━━━━━ RECORDS FOR THIS EXERCISE ━━━━━

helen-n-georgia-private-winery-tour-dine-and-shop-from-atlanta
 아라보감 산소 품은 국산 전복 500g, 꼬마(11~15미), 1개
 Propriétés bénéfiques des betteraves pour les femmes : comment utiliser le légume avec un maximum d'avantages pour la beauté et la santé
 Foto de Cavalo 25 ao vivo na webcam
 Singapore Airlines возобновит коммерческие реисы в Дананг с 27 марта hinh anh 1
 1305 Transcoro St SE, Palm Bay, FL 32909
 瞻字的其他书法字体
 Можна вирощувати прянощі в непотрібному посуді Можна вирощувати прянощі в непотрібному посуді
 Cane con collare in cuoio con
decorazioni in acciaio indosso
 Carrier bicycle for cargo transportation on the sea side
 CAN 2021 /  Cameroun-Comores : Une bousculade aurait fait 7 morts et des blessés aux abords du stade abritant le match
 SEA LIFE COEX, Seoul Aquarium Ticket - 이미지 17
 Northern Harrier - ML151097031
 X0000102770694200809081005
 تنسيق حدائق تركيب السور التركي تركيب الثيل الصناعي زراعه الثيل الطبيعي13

━━━━━

_TASK ITEM:_
From the line containing "Foto de Cavalo 25 ao vivo na webcam" to the last line of the data above, copy each line exactly and add nothing.

_ANSWER TO THE PROBLEM:_
 Foto de Cavalo 25 ao vivo na webcam
 Singapore Airlines возобновит коммерческие реисы в Дананг с 27 марта hinh anh 1
 1305 Transcoro St SE, Palm Bay, FL 32909
 瞻字的其他书法字体
 Можна вирощувати прянощі в непотрібному посуді Можна вирощувати прянощі в непотрібному посуді
 Cane con collare in cuoio con
decorazioni in acciaio indosso
 Carrier bicycle for cargo transportation on the sea side
 CAN 2021 /  Cameroun-Comores : Une bousculade aurait fait 7 morts et des blessés aux abords du stade abritant le match
 SEA LIFE COEX, Seoul Aquarium Ticket - 이미지 17
 Northern Harrier - ML151097031
 X0000102770694200809081005
 تنسيق حدائق تركيب السور التركي تركيب الثيل الصناعي زراعه الثيل الطبيعي13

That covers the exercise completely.